Doris TROY - Just One Look (1963)
Par LE KINGBEE le 17 Mars 2021          Consultée 562 fois

Quel est le lien entre les STONES, PINK FLOYD, Bob MARLEY, Dr JOHN, Nick DRAKE et Johnny HALLIDAY ? La réponse se résume en un nom : Doris TROY. On aurait pu ajouter les BEATLES, James BROWN ou King Curtis qui figurent tous parmi une longue liste d’amis. En effet, Doris a été choriste dans de nombreuses productions sortant des sentiers de la Soul. On la retrouve dans "Let It Bleed", "The Dark Side Of The Moon" mais aussi dans "Make It England" (ATOMIC ROOSTER), "It Ain’t Easy" (Long John Baldry), "Rock On" (Humble Pie) ou le "No Secret" de Carly Simon.

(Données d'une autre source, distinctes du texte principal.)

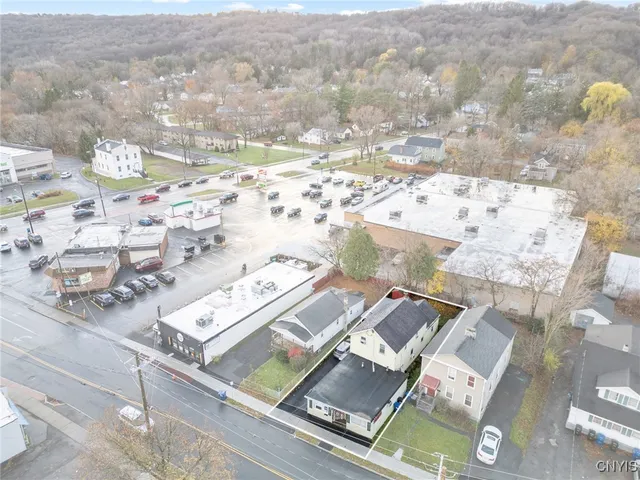 $184,900 | 1516 Valley Drive, Syracuse, NY 13207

La famille Higgensen s’agrandit au début de l’année 1937 avec l’arrivée de Doris Elaine. La gamine débute comme de nombreuses petites filles noires dans la chorale de sa paroisse où son paternel officie comme pasteur pentecôtiste. Elle intègre The Halos, un trio du Bronx, enchaîne brièvement au sein des Sweet Inspirations, la troupe de Gospel dirigée par Cissy Drinkard (future Cissy Houston). C’est là que Doris rencontre Dee Dee et Dionne Warwick, les nièces de Cissy. A 16 ans, bravant l’interdit de ses parents, elle devient ouvreuse à l’Apollo Theater où elle se fait remarquer par James BROWN.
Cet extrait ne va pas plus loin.